Tier 1 Capital                            6.87%                    7.04%
   (to average assets)

Tier 1 Capital                            9.29%                    9.91%
   (to risk-weighted assets)

Total Capital                            10.38%                   10.93%
   (to risk-weighted assets)

     The minimum capital requirements imposed by federal regulatory authorities
for Leverage, Tier 1 and Total Capital are 4%, 4% and 8%, respectively. The
consolidated capital ratios are not materially different from the Bank's capital
ratios. At September 30, 1999 and December 31, 1998, the Company and the Bank
exceeded the minimum capital ratio requirements and are considered "well
capitalized".

Interest Rate Sensitivity

     The operations of the Bank are subject to risk resulting from interest rate
fluctuations to the extent that there is a difference between the amount of the
Bank's interest earning assets and the amount of interest bearing liabilities
that are prepaid/withdrawn, mature or re-price in specified periods.

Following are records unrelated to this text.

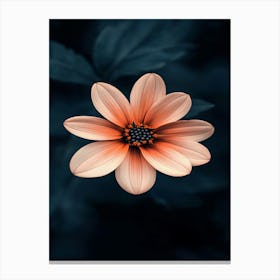 Pink Flower Wallpaper 1 Canvas Print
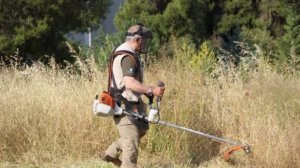 Το Κούρεμα των Χόρτων νωρίς την Άνοιξη Καταστρέφει τη Βιοποικιλότητα στο Αστικό και Περιαστικό Πράσινο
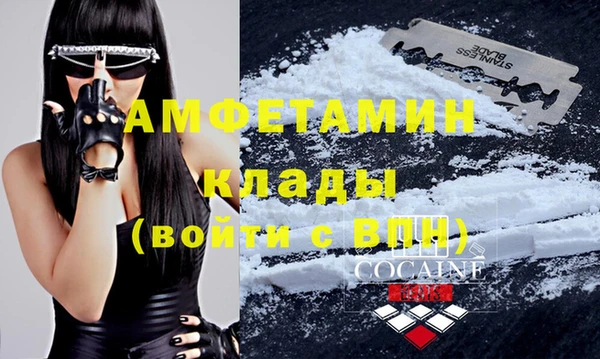 шишки Михайловск
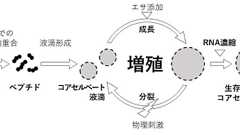 生物の先祖はどうやって増殖する能力を得たのか 100年前の仮説を広島大が初解明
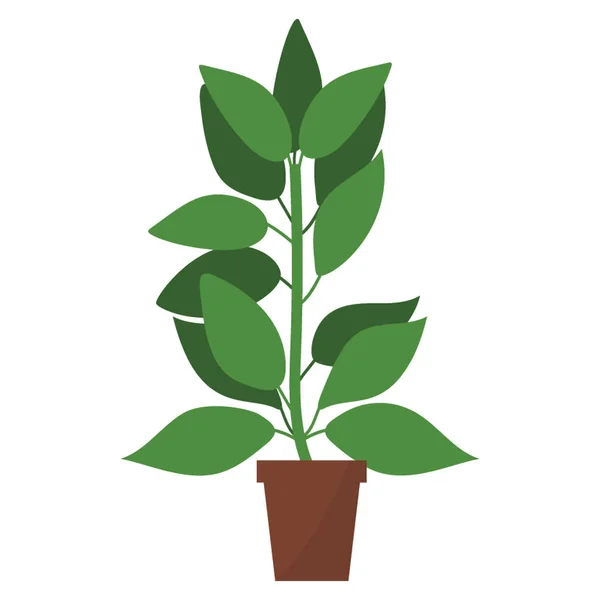 Plochá Ikona Vnitřní Zeleninové Rostlině — Stockový vektor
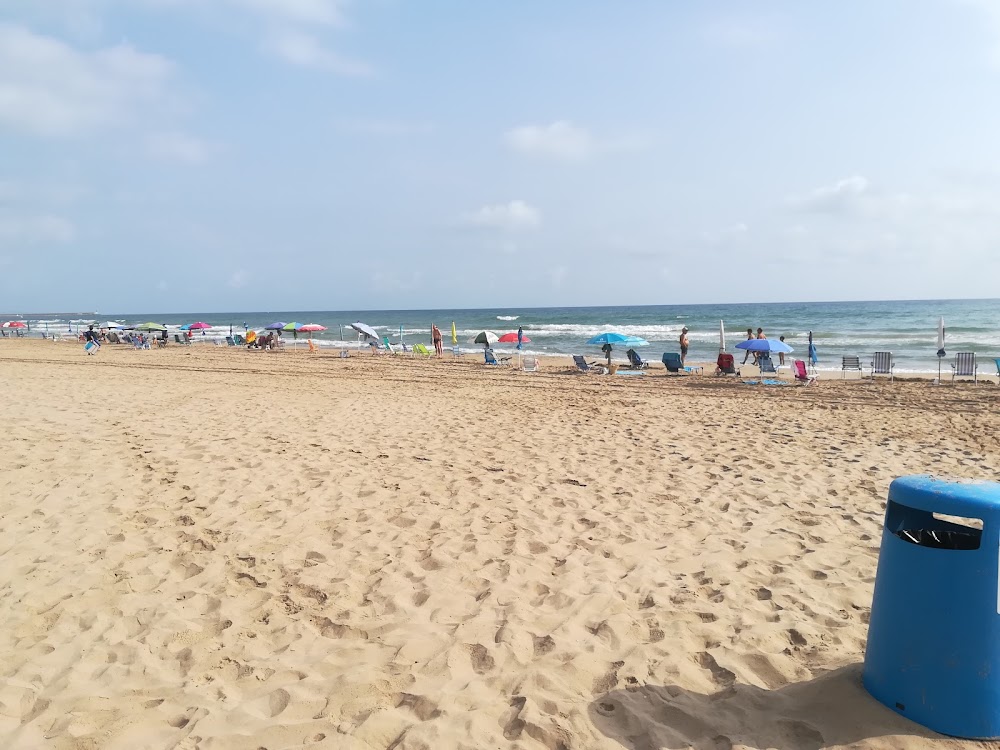 Dunes de la platja de Guardamar de La Safor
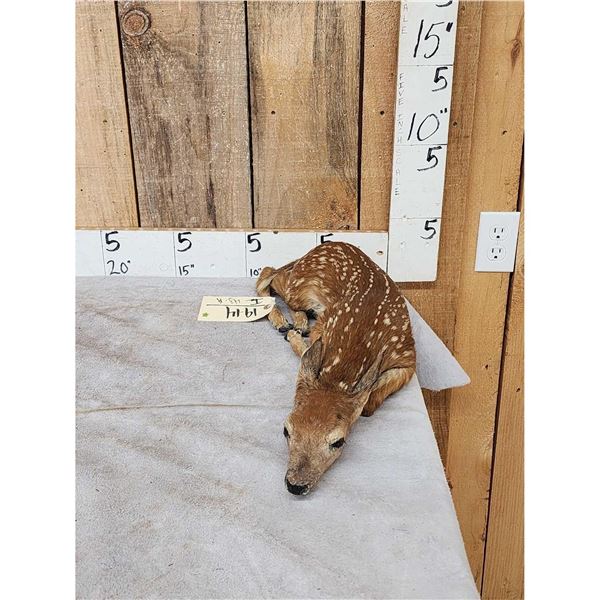 Baby Whitetail Fawn Full Body Taxidermy Mount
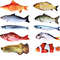 9gIzCat-Toy-Training-Entertainment-Fish-Plush-Stuffed-Pillow-20CM-Simulation-Fish-Cat-Toy-Fish-Interactive-Pet.jpg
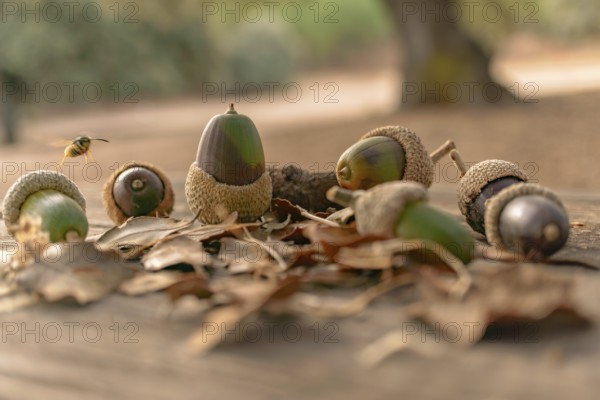 Ronda, malaga, spain Acorns on a wooden surface surrounded by dried oak leaves, with a wasp hovering above in an outdoor autumn setting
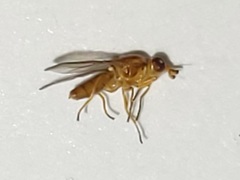 Ectecephala unicolor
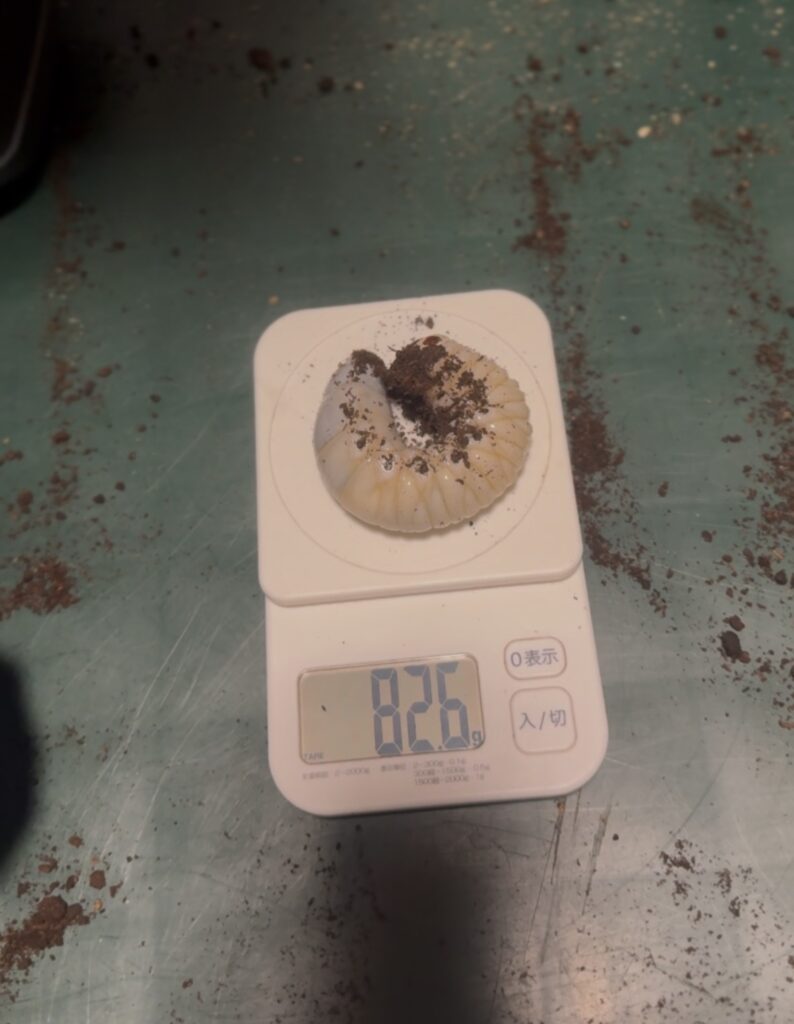 タイリクコーカサスの幼虫2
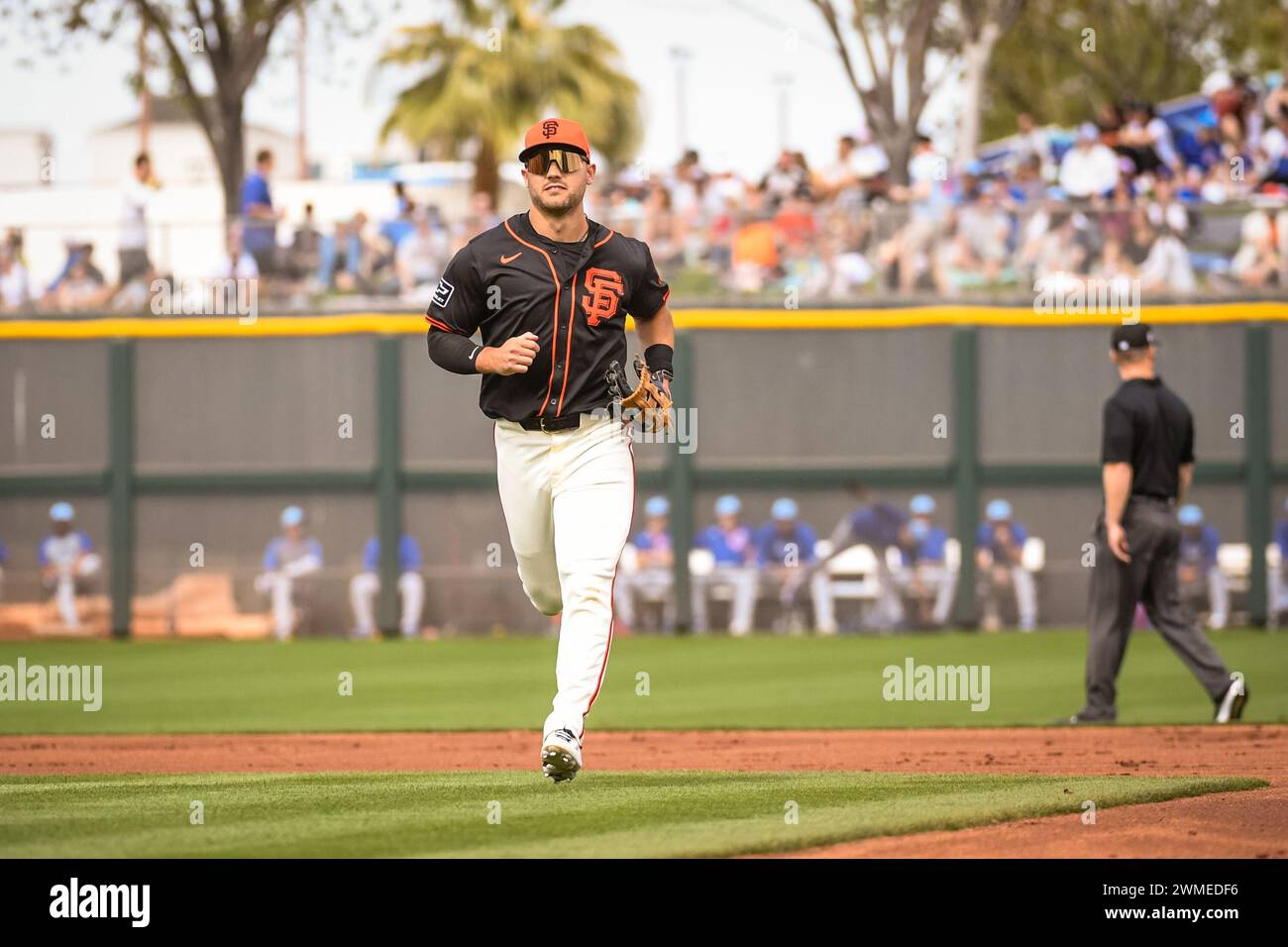 Conforto hi res stock photography and images Alamy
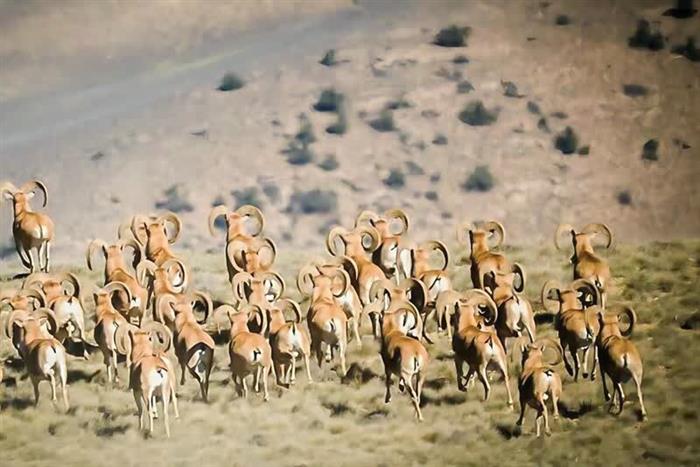 حفاظت از محیط زیست نیازمند فناوری‌های نوین است/ هیچ طرح توسعه‌ای نباید محیط زیست را به مخاطره بیندازد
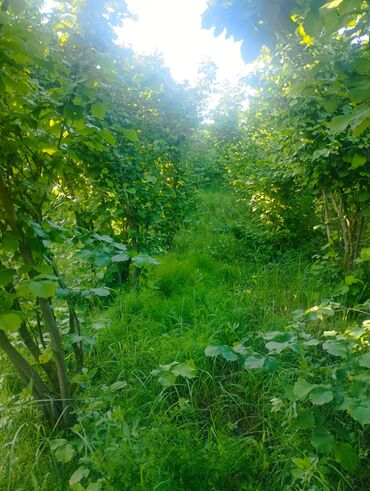 Ağaclar: Fındıq bağçası – intensiv əkilili, səliqəli cərgələr vatsa əlaqə — 3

     The principal objective of the Bank's asset/liability management activities
is to provide consistently higher levels of net interest income while
maintaining acceptable levels of interest rate and liquidity risk and
facilitating the funding needs of the Bank. The Bank utilizes an interest rate
sensitivity model as the primary quantitative tool in measuring the amount of
interest rate risk that is present. The traditional maturity "gap" analysis,
which reflects the volume difference between interest rate sensitive assets and
liabilities during a given time period, is reviewed regularly by management. A
positive gap occurs when the amount of interest sensitive assets exceeds
interest sensitive liabilities. This position would contribute positively to net
income in a rising interest rate environment. Conversely, if the balance sheet
has more liabilities re-pricing than assets, the balance sheet is liability
sensitive or negatively gapped. Management continues to monitor sensitivity in
order to avoid overexposure to changing interest rates.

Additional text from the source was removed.